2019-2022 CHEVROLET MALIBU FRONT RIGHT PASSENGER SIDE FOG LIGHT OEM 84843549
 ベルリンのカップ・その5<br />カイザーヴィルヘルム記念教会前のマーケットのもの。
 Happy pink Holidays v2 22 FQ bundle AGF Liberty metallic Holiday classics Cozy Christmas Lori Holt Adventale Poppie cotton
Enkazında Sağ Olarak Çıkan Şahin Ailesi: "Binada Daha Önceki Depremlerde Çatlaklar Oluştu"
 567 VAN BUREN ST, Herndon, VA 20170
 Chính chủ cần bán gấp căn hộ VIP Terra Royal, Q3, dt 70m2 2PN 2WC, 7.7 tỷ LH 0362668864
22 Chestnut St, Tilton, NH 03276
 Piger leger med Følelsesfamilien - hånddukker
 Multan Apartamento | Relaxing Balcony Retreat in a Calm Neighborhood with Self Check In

:::

What is required:
Above are the records; from them, give again exactly the lines from the one containing "567 VAN BUREN ST, Herndon, VA 20170" to the one containing "Piger leger med", both lines included, and nothing more.

Your response:
 567 VAN BUREN ST, Herndon, VA 20170
 Chính chủ cần bán gấp căn hộ VIP Terra Royal, Q3, dt 70m2 2PN 2WC, 7.7 tỷ LH 0362668864
22 Chestnut St, Tilton, NH 03276
 Piger leger med Følelsesfamilien - hånddukker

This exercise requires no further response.